DONNE CHE CAMBIANO LO SGUARDO SUL MONDO. DALLA CITTÀ DI HERA.
Intervista alla scrittrice Giulia Caminito, vincitrice del Premio Campiello e del Premio Strega Off (edizioni 2021) con l’opera seconda “L’acqua del lago non è mai dolce”.
C’è un motivo per cui la cultura, anche quella che apparentemente non avrebbe nulla a che fare con istanze locali, risulta invece perfettamente in assioma con Capaccio Paestum? Una risposta affermativa in tal senso ci perviene dalla storia, dalla tradizione culturale che ha visto il passaggio dei più grandi intellettuali europei durante gli anni d’oro del Grand Tour. Ma non basta volgere lo sguardo al passato per fare nostro questo sentire. È il presente la dimensione in cui i luoghi dell’anima recuperano la propria sacralità e la propria funzione di predestinazione culturale, come è accaduto durante la presentazione dei finalisti del Premio Strega, dove siamo stati noi capaccesi del 2021 gli spettatori di una cerimonia che, a tratti, sembrava evocare antiche funzioni religiose, all’interno dell’area archeologica di Paestum. In prossimità dell’antica ara del Tempio di Poseidone, spuntava lentamente fuori la figura di questa giovane scrittrice come quella di una sacerdotessa, pronta a celebrare il suo rito, favorita senza dubbio dal tramonto pestano, che sembrava accendere e suggellare “col fuoco” le sue parole, sottolineandone l’impatto emotivo. Ed è proprio qui che la Caminito ha provato delle emozioni uniche perché, oltre ad apprezzare la presenza scenografica dei Templi, ne ha avvertito anche la dimensione di profonda spiritualità pagana, terrena, che è la vera forza propulsiva di una Paestum che reclama il suo naturale ruolo di capitale culturale. Questa cornice ideale, che è la città di Hera, è anche un’immersione totale nella ricerca di una matriarcalità ancestrale, che rappresenta lo spunto più verosimile per la ridefinizione delle relazioni di genere.

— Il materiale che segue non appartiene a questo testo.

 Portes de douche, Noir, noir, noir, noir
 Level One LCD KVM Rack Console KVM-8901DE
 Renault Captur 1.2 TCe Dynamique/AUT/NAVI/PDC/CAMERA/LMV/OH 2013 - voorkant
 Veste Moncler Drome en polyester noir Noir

A chi dedichi la vittoria del premio Campiello e perché?
“Ho dedicato il Premio alle donne che amano leggere, scrivere, studiare e che possano farlo in ogni momento, in qualsiasi luogo del mondo, appena lo desiderino”.
Nei tuoi romanzi spicca una particolare attenzione per l’universo femminile, la sua crisi d’identità e le sue contraddizioni. Quali sono le tensioni delle donne nella società contemporanea?

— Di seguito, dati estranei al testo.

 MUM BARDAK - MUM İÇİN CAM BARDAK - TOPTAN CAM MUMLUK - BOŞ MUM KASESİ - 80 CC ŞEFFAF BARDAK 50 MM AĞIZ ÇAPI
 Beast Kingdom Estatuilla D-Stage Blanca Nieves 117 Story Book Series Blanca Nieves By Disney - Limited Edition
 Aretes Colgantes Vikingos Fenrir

“Posso dire come sono le donne che ho provato a raccontare nei miei libri. Figure ingombranti e coraggiose, testarde e sofferenti, amichevoli e spregiudicate, violente e sognatrici. Le donne sono tante cose, difficili da descrivere in poche righe. Di certo, quando ne parlo mi interessa raccontare il loro rapporto con i ruoli famigliari e sociali, la loro disposizione al lavoro e allo studio, la loro posizione di madri e di figlie, come sanno reinventarsi di epoca in epoca”.

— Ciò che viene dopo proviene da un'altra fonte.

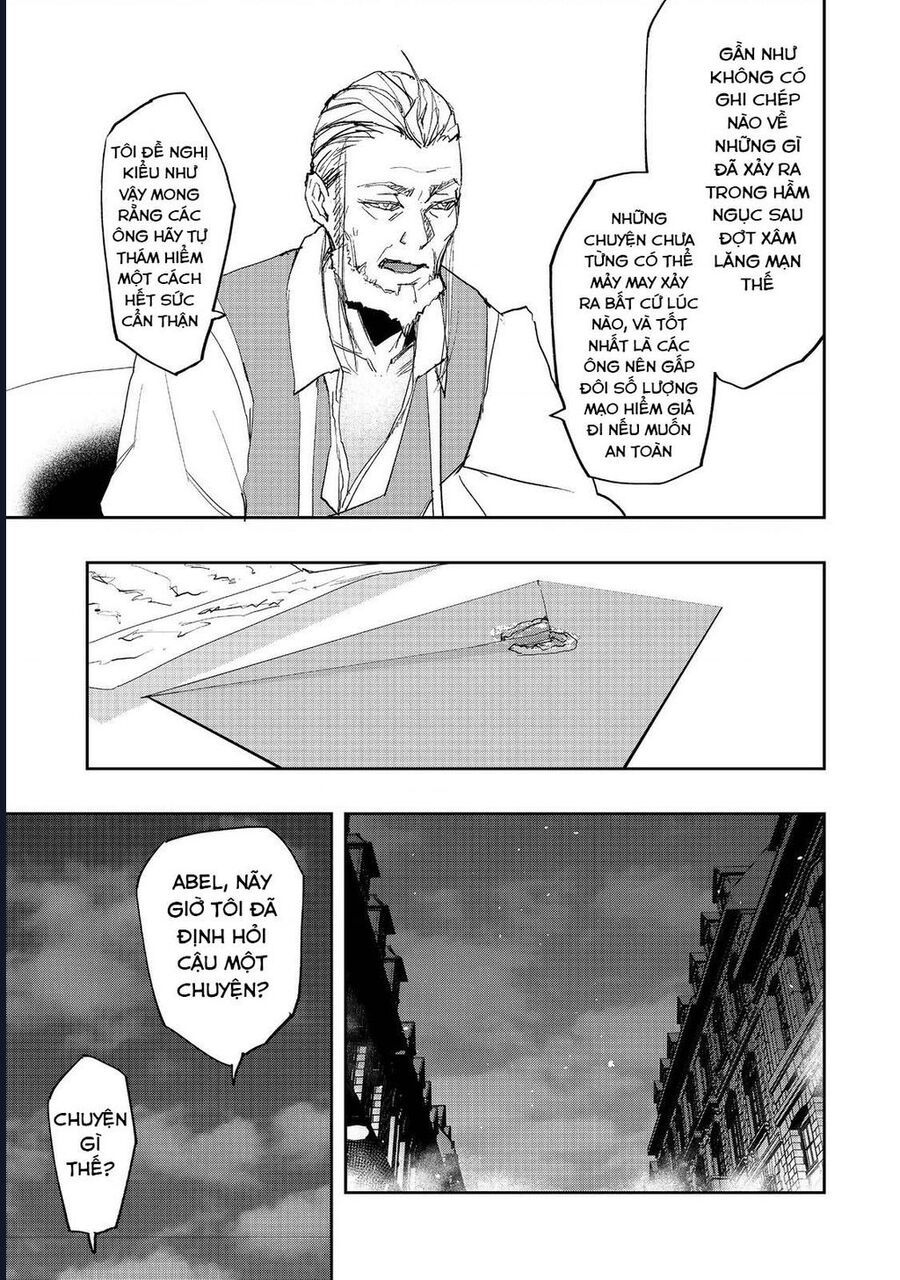 Mizu Zokusei No Mahoutsukai Chapter 20 - 10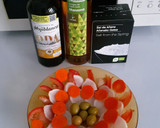 Foto del paso 1 de la receta: Ensalada sencilla, rápida y vistosa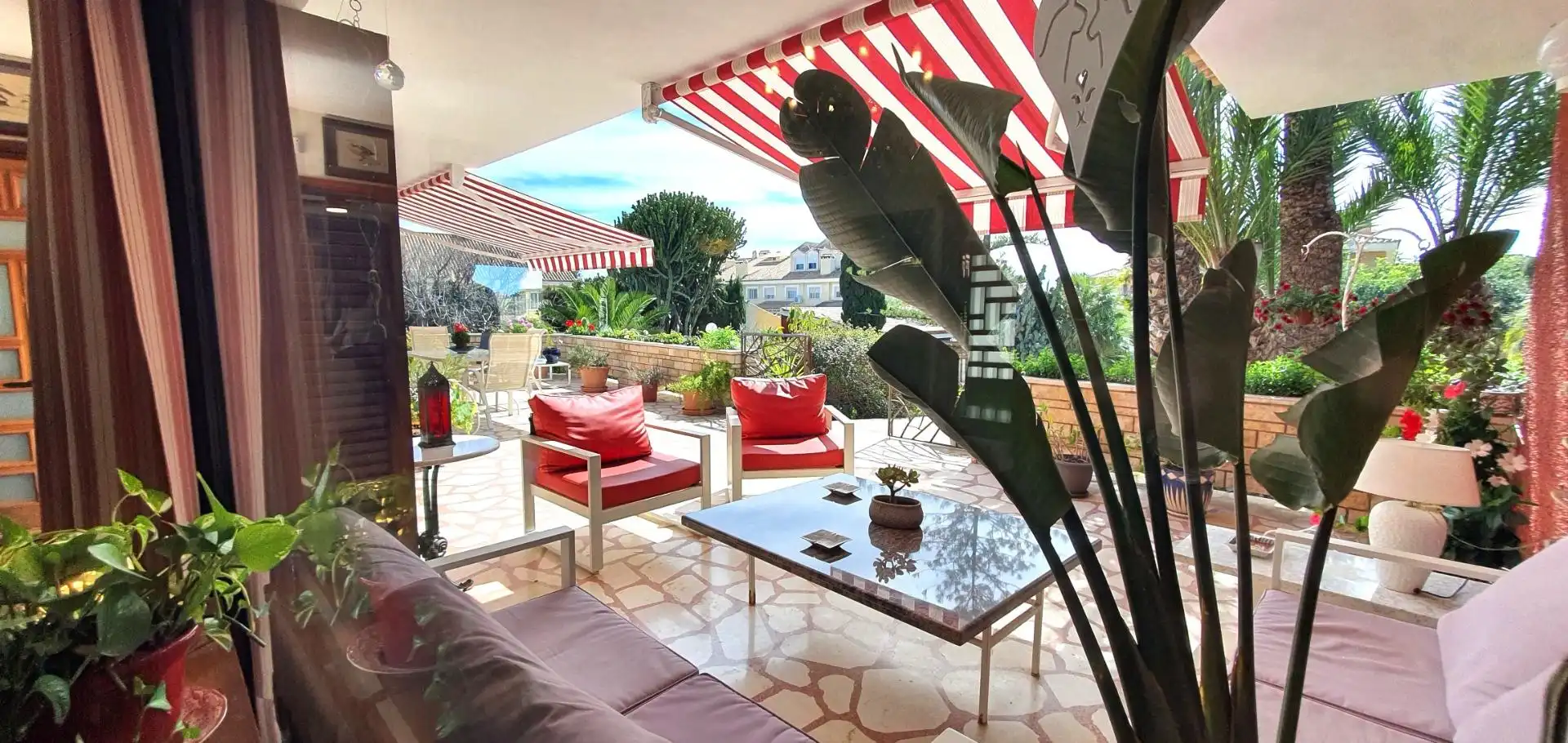 Terrassa de Casa o xalet en venda en Sant Joan d'Alacant amb Aire condicionat, Calefacció i Jardí privat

Nel 2022 ricorre il 150esimo anniversario dalla nascita di Grazia Deledda, una penna decadente e nel contempo socialmente impegnata cui la produzione letteraria italiana e mondiale deve ancora molto. In che modo ha inciso (se ha inciso) la sua scrittura sulla tua formazione?
“Ho amato molto Grazia Deledda, credo che la sua forza stia nella scrittura che ancora oggi, a rileggerla, è appuntita, determinata, non ha una patina di vecchiaia addosso. Ha raccontato le storie che più amo leggere delle campagne, delle famiglie fuori dai borghi, di parti d’Italia come la Sardegna di cui si parla meno in letteratura, rendendole vive e palpabili. È una delle nostre grandi scrittrici. Quando penso a lei, però penso anche a Matilde Serao, altra scrittrice che amo, che sperava di ricevere il Nobel quando lo ricevette la Deledda. Morì l’anno dopo, nel ’27, senza Nobel e con la penna in mano: stava ancora scrivendo”.